Warum der Vittrup Man schliesslich aus dem Norden Norwegens bis nach Dänemark zog, ist schwierig zu beantworten. Es gibt zwei Theorien: Möglicherweise war er Händler. Schon für jene Zeit lässt sich nachweisen, dass die Menschen zwischen dem heutigen Dänemark und Norwegen regen Handel betrieben. Irgendwann liess er sich dann vermutlich bei seinen Handelspartnern nieder. Der zweite Erklärungsansatz ist weniger friedlich. Vielleicht wurde er als Jugendlicher geraubt und musste anschliessend in Dänemark als Sklave schuften.
Das Wasser galt als besondere Sphäre zwischen den Welten
Fest steht, dass sein Tod sehr gewaltsam war. Mit einem baseballschlägerähnlichen Holzknüppel schlug jemand dem Vittrup Man von hinten mindestens achtmal auf den Kopf. Sein Schädel zerbrach dabei in mehrere Teile. Es gibt keine Anzeichen von Heilung an den Knochenrändern. Er starb an diesen Verletzungen, die auch nicht zu überleben gewesen wären.
Die exzessive Gewalt bei der Tötung des Vittrup Man sehen die Forscher als möglichen Hinweis auf eine Opferung, da dies auch bei ähnlichen Fällen nachgewiesen wurde. Die als Lindow Man bekannte Moorleiche aus Grossbritannien gilt ebenfalls als Menschenopfer. Der Mann wurde erschlagen, erdrosselt und erstochen.
Die Vorstellung, Menschen höheren Mächten zu opfern, ist für uns heute grauenvoll und unverständlich. «Wir sollten diese Kulturen jedoch nicht mit unseren heutigen Massstäben beurteilen», sagt der Kulturgeograf Roy van Beek von der niederländischen Universität Wageningen, der letztes Jahr eine Übersichtsstudie zum Thema veröffentlicht hat.

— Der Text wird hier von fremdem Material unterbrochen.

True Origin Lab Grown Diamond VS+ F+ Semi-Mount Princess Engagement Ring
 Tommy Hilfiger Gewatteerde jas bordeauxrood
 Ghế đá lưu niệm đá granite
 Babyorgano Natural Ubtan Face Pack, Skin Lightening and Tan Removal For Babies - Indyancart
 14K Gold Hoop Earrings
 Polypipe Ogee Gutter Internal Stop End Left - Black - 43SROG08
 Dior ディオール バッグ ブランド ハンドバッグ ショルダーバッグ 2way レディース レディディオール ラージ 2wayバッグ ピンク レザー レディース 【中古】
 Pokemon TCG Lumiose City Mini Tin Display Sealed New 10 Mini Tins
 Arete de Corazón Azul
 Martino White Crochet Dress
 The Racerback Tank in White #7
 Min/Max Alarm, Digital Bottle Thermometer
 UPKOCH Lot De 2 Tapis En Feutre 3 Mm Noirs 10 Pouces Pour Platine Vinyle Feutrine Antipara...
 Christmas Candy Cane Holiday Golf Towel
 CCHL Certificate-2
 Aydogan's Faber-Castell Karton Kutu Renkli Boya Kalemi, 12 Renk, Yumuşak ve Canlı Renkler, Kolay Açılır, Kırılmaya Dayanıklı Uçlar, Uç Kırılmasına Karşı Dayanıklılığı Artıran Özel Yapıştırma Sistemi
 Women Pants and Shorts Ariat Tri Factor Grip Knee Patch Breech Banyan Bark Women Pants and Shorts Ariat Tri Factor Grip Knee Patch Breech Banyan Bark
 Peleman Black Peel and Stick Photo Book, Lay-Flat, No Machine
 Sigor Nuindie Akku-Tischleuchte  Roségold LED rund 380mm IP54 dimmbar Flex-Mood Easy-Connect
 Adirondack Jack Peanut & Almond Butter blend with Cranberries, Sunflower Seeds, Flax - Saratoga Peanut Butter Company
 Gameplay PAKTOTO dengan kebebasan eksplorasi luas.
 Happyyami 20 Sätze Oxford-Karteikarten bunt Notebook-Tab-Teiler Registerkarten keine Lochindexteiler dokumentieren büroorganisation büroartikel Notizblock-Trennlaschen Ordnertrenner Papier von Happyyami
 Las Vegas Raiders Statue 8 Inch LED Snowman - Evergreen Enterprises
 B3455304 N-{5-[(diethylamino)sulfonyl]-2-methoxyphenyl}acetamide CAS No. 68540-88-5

Der Vittrup Man ist nicht die einzige prähistorische Moorleiche aus Dänemark. Mehr als 500 derartige Funde gibt es. Ein grosser Teil stammt aus der gleichen Zeit wie der Vittrup Man. Verschiedene Autoren haben auf die Möglichkeit hingewiesen, dass die Toten im Rahmen von Fruchtbarkeitsriten geopfert wurden.
«Wasser und Feuchtgebiete hatten im prähistorischen Nordeuropa eine besondere Bedeutung», sagt van Beek. Die Menschen deponierten dort viele Dinge, von Schmuck über Waffen bis zu Tier- und eben auch Menschenopfern. Das Wasser galt als besondere Sphäre, wo sich die Welt der Menschen und jene der Geister und Götter berührten.
Natürlich könnte auch alles ganz anders gewesen sein. Auch jemand mit einer grossen Wut könnte heftig auf das Opfer eingeschlagen haben. «Die Absicht hinter einer Tötung lässt sich nur schwer aus archäologischen Funden herauslesen», sagt van Beek. Werde jemand wegen eines Raubs oder Konflikts getötet, hinterlasse das oftmals die gleichen Spuren.
Gewisse Hinweise gibt es jedoch, zumindest in andern Fällen, die Parallelen zum Vittrup Man aufweisen und unter besseren Bedingungen geborgen wurden. «Aus diesen Zusammenhängen kennen wir hölzerne Plattformen, die errichtet wurden und auf denen die Riten vermutlich stattfanden», sagt Archäologe Fischer.